On Sept. 28, 2014, Narendra Modi addressed a packed-to-the-rafters crowd at Madison Square Garden in New York City. The numbers were unprecedented. More than 18,000 people — either Americans of Indian origin or Indian expats living in the U.S. — converged on the iconic venue to listen to India’s new Prime Minister. They had been randomly chosen from over 30,000 who had applied to attend. A nearly identical public address less than two months later at Sydney’s Allphones Arena in Australia saw Modi draw another crowd of 16,000 members of the Indian community Down Under, followed by almost 10,000 Indian-Canadians in Toronto a month ago.
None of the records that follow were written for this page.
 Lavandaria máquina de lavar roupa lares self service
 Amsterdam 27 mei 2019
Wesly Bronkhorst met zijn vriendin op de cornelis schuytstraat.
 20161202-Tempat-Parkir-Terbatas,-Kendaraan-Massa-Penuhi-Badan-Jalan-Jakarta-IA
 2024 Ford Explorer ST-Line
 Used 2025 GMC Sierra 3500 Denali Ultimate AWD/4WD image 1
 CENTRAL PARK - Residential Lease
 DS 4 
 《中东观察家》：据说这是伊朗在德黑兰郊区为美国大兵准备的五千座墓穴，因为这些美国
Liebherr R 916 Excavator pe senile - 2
The crowd of 5,000 he is set to speak to in Shanghai this Saturday, one of the final stops on his three-day visit to China, pales in comparison to his previous megaspeeches abroad. But it will still be a landmark even for the Indian diaspora there.
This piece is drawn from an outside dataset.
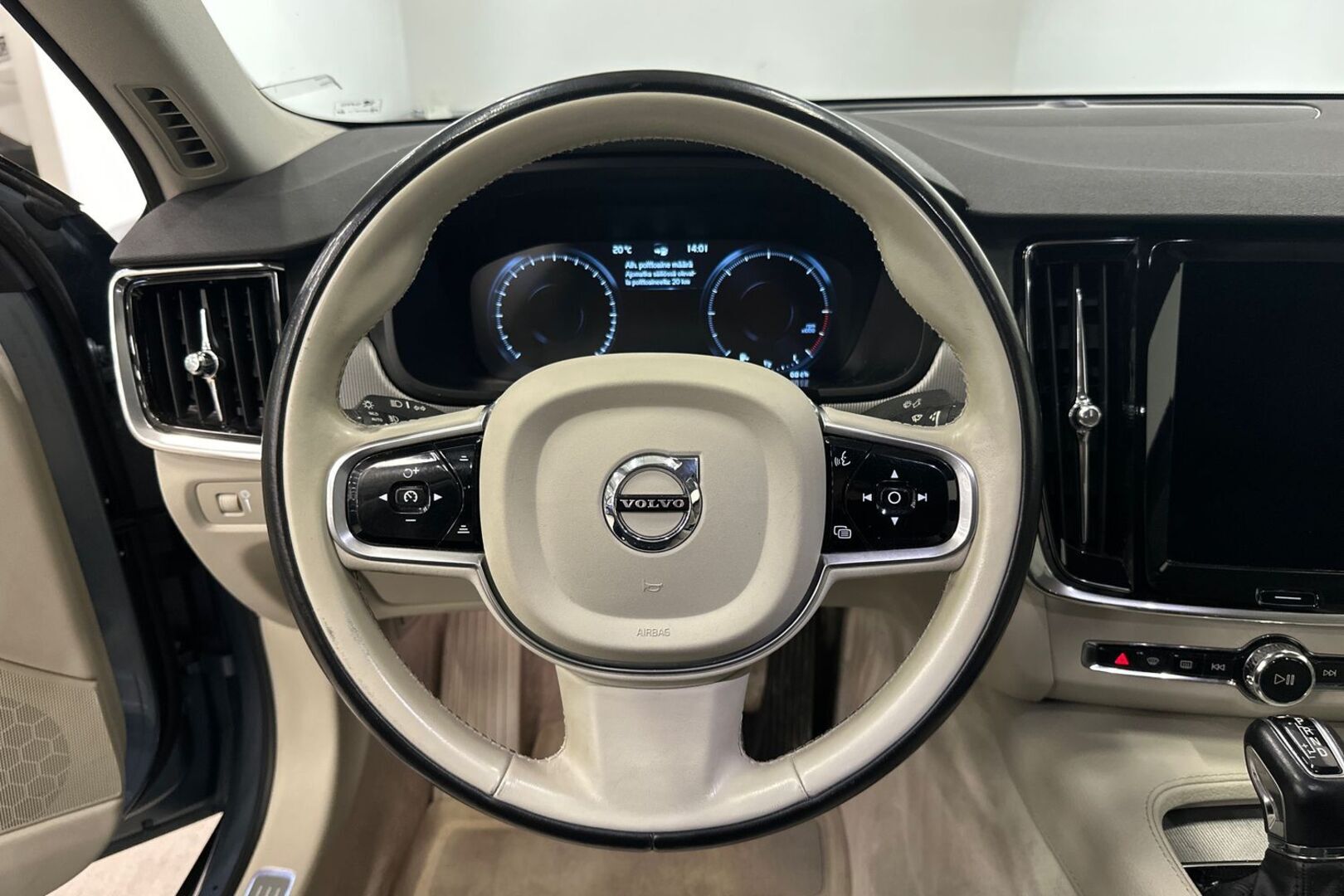 VOLVO S90 17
“It’s a far cry from the figures you’d get just in the New Jersey area,” quips Amit Waikar, president of the Indian Association of Shanghai that will host the gathering. The Indian community in China is much smaller than that of countries like the U.S., with latest estimates by India’s Ministry of Overseas Indian Affairs placing its numbers at just over 48,000 (in addition to 44,000 in the Special Administrative Region of Hong Kong). But the number of confirmed attendees has already significantly surpassed any event Waikar’s association has ever held, and what is more remarkable, he says, is that people are traveling from a dozen different cities across China just to hear Modi speak.
“Smaller cities, where you normally don’t even expect too many Indians to be, have come forward,” he tells TIME, citing small manufacturing hubs like Yiwu, Keqiao and Ningbo, besides larger and better-known Chinese cities like Beijing, Shenzhen, Hong Kong and Macau.
As with a large section of the Indian population both within the country and abroad, the Indian community in China has great hopes and expectations from Modi.
“This is the first time we have got a Prime Minister who is not a politician but a leader,” says Notan Tolani, who will be traveling to Shanghai from Hong Kong in one of several delegations from the city. “He’s in touch with the ordinary people. He knows their pulse, he knows what the people of India want,” Tolani says.
Modi also represents increased optimism around India’s relationship with China, with his business-oriented policies and evident personal rapport with Chinese President Xi Jinping hopefully paving the way for greater cooperation between Asia’s two largest economies. The two leaders picked up this week where they left off during Xi’s visit to India last September, with the Chinese President welcoming Modi in his hometown Xian on Wednesday. (Modi had chosen to receive Xi in his home state of Gujarat, making the Chinese President the first high-profile foreign leader not to begin a bilateral visit in the Indian capital city of New Delhi.)
Modi’s visit to the Chinese capital Beijing on Friday, meanwhile, yielded 24 agreements worth $10 billion across several sectors, including railways, space cooperation, education and broadcasting. These too mirror the host of bilateral agreements signed during Xi’s trip to India, aimed at reducing the growing trade deficit between the two countries and promoting greater cultural exchanges.
“There are challenges,” says Vivek Arora, a Shanghai-based entrepreneur in the fashion industry who has been living in China for almost 20 years. “Indian and Chinese businesspeople need to learn more about each other to see what would be the best way to work together and add value to both societies,” he says. Arora is of the opinion that the two countries need to move beyond imports and exports or trading of commodities into more concrete investment opportunities, which he says will only happen through greater interaction and openness.
As for Saturday’s event, he says every other gathering of Indians organized in Shanghai “pales in comparison” to the anticipation and scale of this one.
“It’s the first time we have 5,000 Indians gathering in Shanghai,” he says. “Mr. Modi is a very good orator so his speeches are always quite uplifting. He’s trying to get India onto a path of progress, and that’s what everybody wants to hear.”